** Task details **
Every line from the one with "My Day Im Booked" to the end of the listing below must be printed exactly, with no other text and no pictures.

** The data **
====

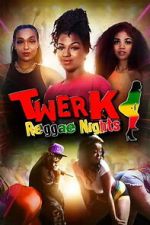 Watch Twerk: Reggae Nights Myflixer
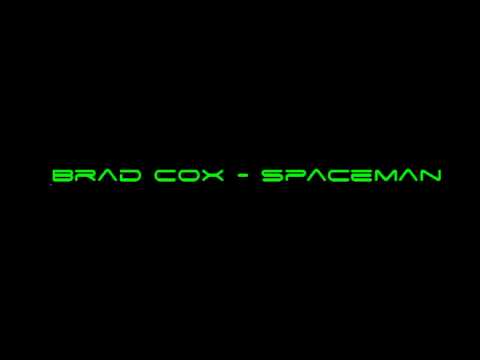 Brad Cox - Spaceman Bassline remix 2010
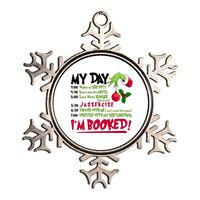 My Day Im Booked Funny Christmas Holiday Metallic Star Ornament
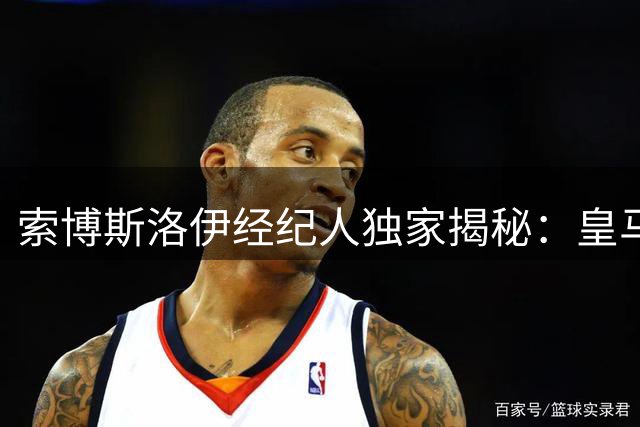 索博斯洛伊经纪人独家揭秘：皇马传闻不攻自破 红军核心续约内幕曝光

====

** Task response **
 My Day Im Booked Funny Christmas Holiday Metallic Star Ornament
 索博斯洛伊经纪人独家揭秘：皇马传闻不攻自破 红军核心续约内幕曝光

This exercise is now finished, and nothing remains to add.